§ **What you should do**:
Among the entries below, find the line with "Nazi Jazz Porn" and the line with "拓媒：杨瀚森虽具潜力却难在NBA展现真正实力". Return exactly those lines and every line between them, but no pictures.

§ **Extracted entries**:
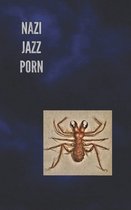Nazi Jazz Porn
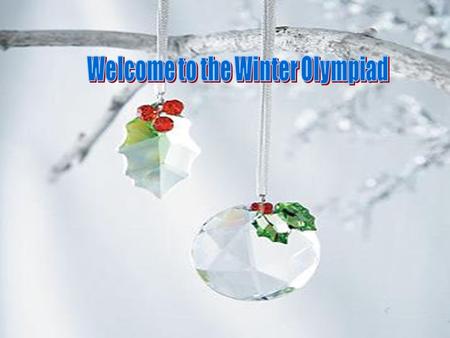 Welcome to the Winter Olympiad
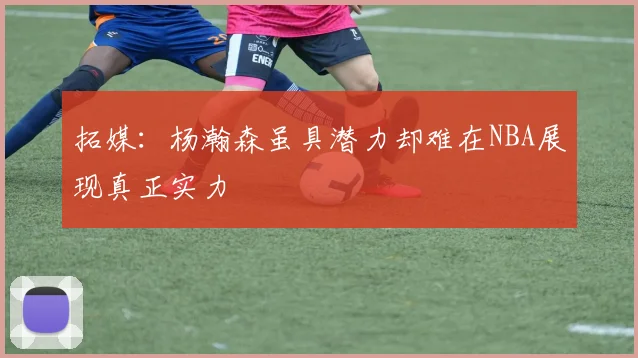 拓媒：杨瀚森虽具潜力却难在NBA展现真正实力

* * *

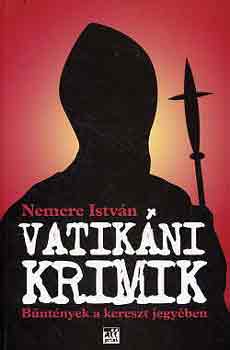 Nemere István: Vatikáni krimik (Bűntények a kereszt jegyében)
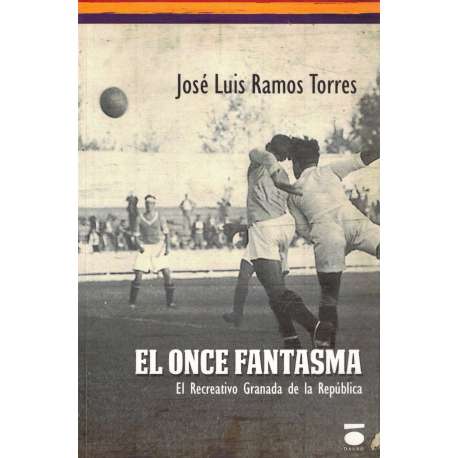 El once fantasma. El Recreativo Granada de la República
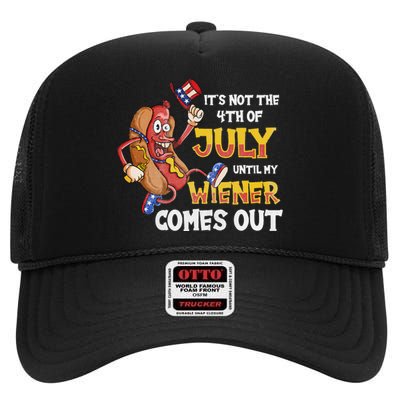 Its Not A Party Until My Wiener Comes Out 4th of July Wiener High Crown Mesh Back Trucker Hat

...

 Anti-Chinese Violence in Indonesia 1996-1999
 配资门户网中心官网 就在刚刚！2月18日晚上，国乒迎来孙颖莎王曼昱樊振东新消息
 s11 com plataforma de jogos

§ **Solution**:
Nazi Jazz Porn
 Welcome to the Winter Olympiad
 拓媒：杨瀚森虽具潜力却难在NBA展现真正实力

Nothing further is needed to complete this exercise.